[[ ENTRIES SUPPLIED, beginning ]]
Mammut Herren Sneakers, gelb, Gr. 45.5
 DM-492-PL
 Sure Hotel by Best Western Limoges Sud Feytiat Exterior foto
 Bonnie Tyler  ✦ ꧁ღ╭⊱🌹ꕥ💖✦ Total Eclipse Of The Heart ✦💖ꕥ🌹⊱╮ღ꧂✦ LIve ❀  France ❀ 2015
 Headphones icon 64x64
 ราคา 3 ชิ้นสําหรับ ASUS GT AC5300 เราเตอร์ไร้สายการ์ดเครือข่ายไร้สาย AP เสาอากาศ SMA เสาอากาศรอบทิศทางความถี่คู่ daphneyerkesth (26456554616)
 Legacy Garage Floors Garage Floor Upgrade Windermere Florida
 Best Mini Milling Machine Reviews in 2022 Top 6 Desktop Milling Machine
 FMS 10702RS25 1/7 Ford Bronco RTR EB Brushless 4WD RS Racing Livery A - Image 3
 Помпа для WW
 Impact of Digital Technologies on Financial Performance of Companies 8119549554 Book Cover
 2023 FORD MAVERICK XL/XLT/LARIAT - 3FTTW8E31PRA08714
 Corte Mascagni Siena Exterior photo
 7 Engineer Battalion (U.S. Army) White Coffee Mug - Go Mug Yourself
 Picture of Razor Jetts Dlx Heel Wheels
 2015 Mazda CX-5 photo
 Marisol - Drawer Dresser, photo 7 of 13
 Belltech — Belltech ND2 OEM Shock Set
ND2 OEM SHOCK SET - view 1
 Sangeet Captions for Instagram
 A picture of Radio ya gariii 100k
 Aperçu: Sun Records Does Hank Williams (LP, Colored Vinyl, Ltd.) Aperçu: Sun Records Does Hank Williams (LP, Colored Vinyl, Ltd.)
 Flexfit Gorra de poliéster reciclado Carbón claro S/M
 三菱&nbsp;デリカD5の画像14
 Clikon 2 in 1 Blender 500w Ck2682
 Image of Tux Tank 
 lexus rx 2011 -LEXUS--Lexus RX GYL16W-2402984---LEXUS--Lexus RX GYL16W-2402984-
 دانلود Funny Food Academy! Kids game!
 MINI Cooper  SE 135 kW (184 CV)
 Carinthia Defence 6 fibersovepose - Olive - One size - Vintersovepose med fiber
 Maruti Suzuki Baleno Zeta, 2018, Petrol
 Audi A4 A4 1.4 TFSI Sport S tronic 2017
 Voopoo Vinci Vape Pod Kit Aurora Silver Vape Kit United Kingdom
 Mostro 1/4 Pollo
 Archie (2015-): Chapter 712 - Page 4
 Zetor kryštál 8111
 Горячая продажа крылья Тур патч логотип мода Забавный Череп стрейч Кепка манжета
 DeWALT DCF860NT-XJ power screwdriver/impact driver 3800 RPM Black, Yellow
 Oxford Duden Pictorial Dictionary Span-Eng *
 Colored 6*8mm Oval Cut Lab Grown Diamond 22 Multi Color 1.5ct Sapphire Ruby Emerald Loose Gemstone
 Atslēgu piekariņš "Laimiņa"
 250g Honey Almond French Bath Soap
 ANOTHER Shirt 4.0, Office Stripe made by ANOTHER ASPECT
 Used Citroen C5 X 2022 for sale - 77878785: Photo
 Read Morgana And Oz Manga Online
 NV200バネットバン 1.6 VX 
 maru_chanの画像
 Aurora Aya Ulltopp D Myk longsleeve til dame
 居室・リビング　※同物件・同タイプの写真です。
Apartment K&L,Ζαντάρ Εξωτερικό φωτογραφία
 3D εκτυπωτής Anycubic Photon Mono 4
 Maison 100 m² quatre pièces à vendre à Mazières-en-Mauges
[[ ENTRIES SUPPLIED, end ]]
ABOUT THIS TASK: Note each line of the material holding "Exterior" and copy it out.

EXERCISE OUTPUT:
 Sure Hotel by Best Western Limoges Sud Feytiat Exterior foto
 Corte Mascagni Siena Exterior photo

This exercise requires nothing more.